Антитезис. Художественная форма не предполагает, что существует некоторый независимый от нее и служащий для нее прообразом первообраз, так что она сама для себя свободно устанавливает свой первообраз, т. е. критерий и норму, будучи в своей структуре совершенно свободной самопорожденностью, не зависимой ни от каких других образов и первообразов.

Антитезисы «антиномий адекваций», быть может, являются наиболее понятными во всей диалектике адекваций. В самом деле, вот создана Чайковским его «Шестая симфония». Была ли художественная форма этой симфонией до создания самой симфонии? Конечно, нет. Знал ли кто-нибудь о первообразе, послужившем для конструкции формы этой симфонии? Конечно, нет. Наконец, существовала ли симфония до того, как Чайковский ее замыслил и создал? Смешно и спрашивать. Значит, Чайковский – подлинный автор этой симфонии и о «первообразе» ее можно судить только по ней самой, до нее нельзя было судить. Художественная форма есть творчески созданная форма, и на ней запечатлен дух автора с его высокими и низкими порывами и весь дух эпохи с его более мелкими и более крупными чертами. Каждый штрих в художественном произведении говорит о том или ином творческом напряжении автора, говорит о творчестве, об исканиях и нахождениях, об усилиях родить и создать. Сущность творчества – в максимальном напряжении воли автора, в полной устремленности внимания на художественный объект и сосредоточенности усилий на одной творческой и художественной цели.

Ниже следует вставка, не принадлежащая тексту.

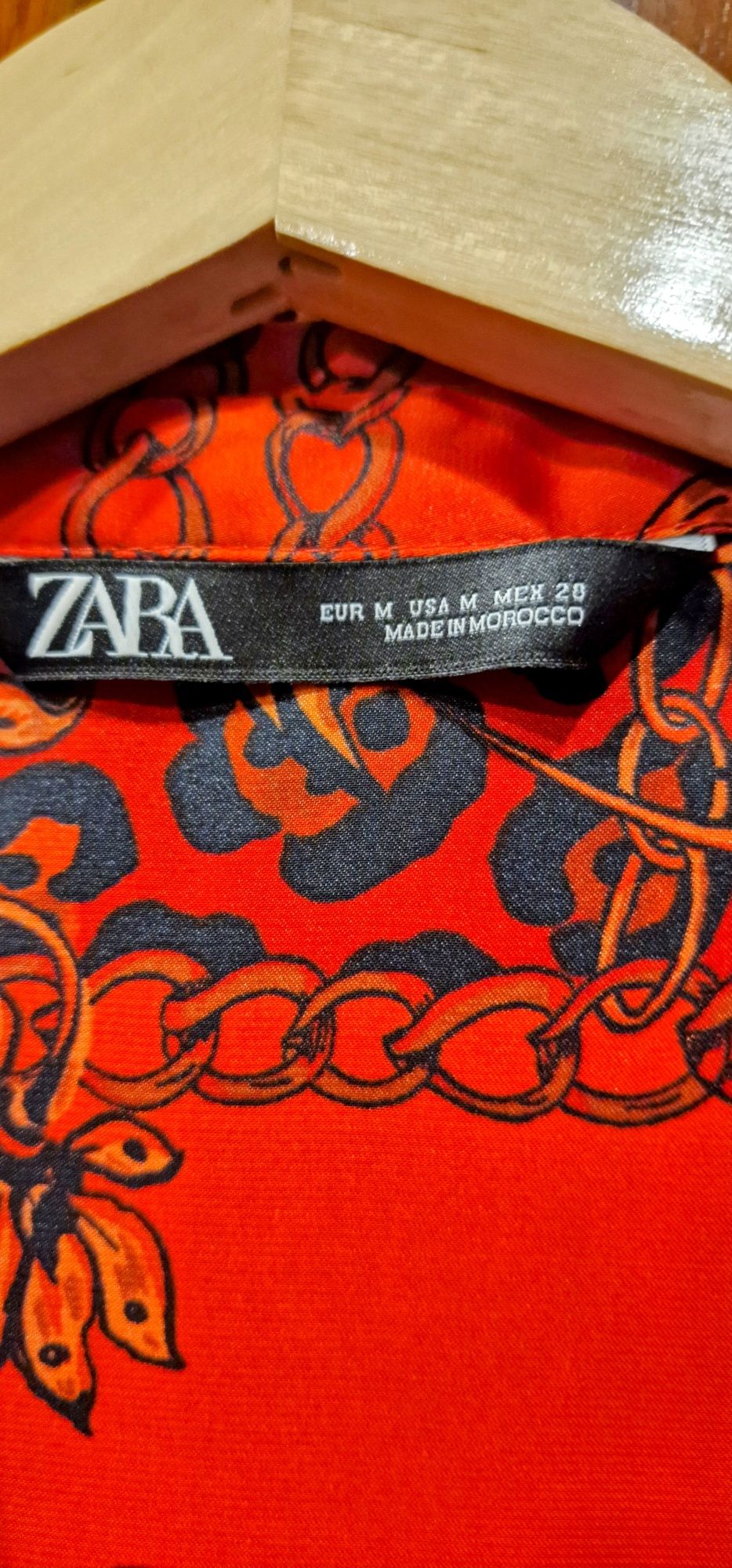 Túnica da Zara, vermelha com estampagem de flores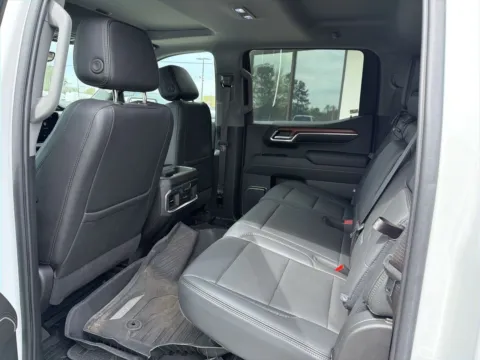 More photos of 2023 GMC Sierra 1500 Denali at Jerry Hunt Supercenter - Lexington, NC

Художественная форма не есть просто результат проявленности чего-то, помимо автора; это – такой тип самопорожденности, который в то же время являет только себя, и художник – ответчик за малейший штрих, допущенный им в художественном произведении.

Синтез. Художественная форма есть творчески и знергийно становящийся (ставший) первообраз ее самой, данный как свободно существующая необходимость первообраза, или как необходимым образом свободно существующий первообраз.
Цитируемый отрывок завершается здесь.